The University of Michigan's traditional colors in a 1907 stained glass window in Shepard Hall, City College of New York.
The post-1912 colors of the University of MIchigan.

Until his death in 1921, Gardner Cotrell Leonard was the Director of the Intercollegiate Bureau of Academic Costume (IBAC) and a partner in the firm of Cotrell & Leonard, an academic costume manufacturer and the depository for the records of the IBAC. If one assumes that a college or university was assigned a hood lining pattern by the IBAC when academic costume was ordered from Cotrell & Leonard, client lists for Cotrell & Leonard can help one estimate the approximate date that lining pattern was approved by the IBAC.

The University of Michigan appeared in a Cotrell & Leonard advertisement in the 1896 The Comet yearbook of Vanderbilt University, and then in three 1897 sources: the Bowdoin Bugle yearbook, The College Year-Book and Athletic Record, and the “Ole Miss” of The University of Mississippi yearbook. Also, a reporter covering commencement ceremonies at the University of Chicago for the Indianapolis News (9 July 1896) mentioned the University of Michigan as one of a number of colleges and universities that used academic costume. All of this suggests an IBAC hood assignment for the university in 1895 or 1896.

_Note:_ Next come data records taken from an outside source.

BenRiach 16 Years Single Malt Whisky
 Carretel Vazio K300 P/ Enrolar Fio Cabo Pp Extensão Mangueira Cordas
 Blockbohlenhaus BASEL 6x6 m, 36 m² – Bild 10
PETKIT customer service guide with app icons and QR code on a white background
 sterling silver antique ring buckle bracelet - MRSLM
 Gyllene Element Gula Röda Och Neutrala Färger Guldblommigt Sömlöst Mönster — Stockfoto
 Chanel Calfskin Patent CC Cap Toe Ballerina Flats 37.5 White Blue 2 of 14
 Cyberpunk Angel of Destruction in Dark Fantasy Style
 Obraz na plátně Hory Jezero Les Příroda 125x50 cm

None of these sources described the colors or heraldic pattern of Michigan’s hood lining, but the university’s hood was cited in the 27 July 1902 edition of The Argus, an Albany NY newspaper, which contained a list of IBAC hood lining patterns that had been assigned to some of the more prestigious colleges and universities of the time. Here Michigan’s hood lining was described as “maize” with a blue chevron. “Maize” is how the IBAC tended to describe a golden yellow or light orange color (whereas “lemon” is how the Bureau described a bright yellow color). The IBAC had more precisely defined the shade of Michigan’s blue as “azure blue” by 1918 and “Presbyterian blue” (true blue) by the mid 1920s.

maize
azure blue

University of Michigan students adopted “maize” and “azure blue” as the college colors in 1867. Before 1867, “blue” had been the only college color.

The shades of maize and azure blue were originally a golden yellow and sky blue. However, in 1912 the university officially confirmed “maize” as being an intense, golden yellow, but redefined “azure” as being a dark blue like Prussian blue, cobalt, or ultramarine, even though these are not the traditional definitions of azure blue. For more information about this see the University of Michigan Bulletin, Vol.16, No.13, 7 January 1987 (page 2, inside front cover).

The World Almanac continued to cite Michigan’s colors as maize and either blue or azure blue into the 1930s, an encyclopedia of college colors from 1949 described Michigan colors as maize and azure blue, and non-IBAC hood lists from the 1960s and early 1970s also described the colors as being maize and azure blue.

Citations in the World Almanac (listed by cover date; color information is from the previous year): maize/blue (1895-1902); yellow/blue (1904); maize/blue (1906-1908); yellow/blue (1909-1910); maize/blue (1911); maize/azure (1912-1916); maize/blue (1917-1918); maize/azure (1923-1931); maize/blue (1934-1935)

A University of Michigan Master of Arts hood and gown, tailored by Cotrell & Leonard at some point prior to World War Two. The color of the chevron is what Cotrell & Leonard defined as "azure blue", a bright blue that is darker than light blue, but paler than true blue.

Apparently the IBAC never revised the blue color of Michigan’s chevron to conform to the university’s 1912 directive specifying a dark blue. Here the original IBAC assignment from c.1897 with the university’s traditional shades of maize and azure blue has been maintained.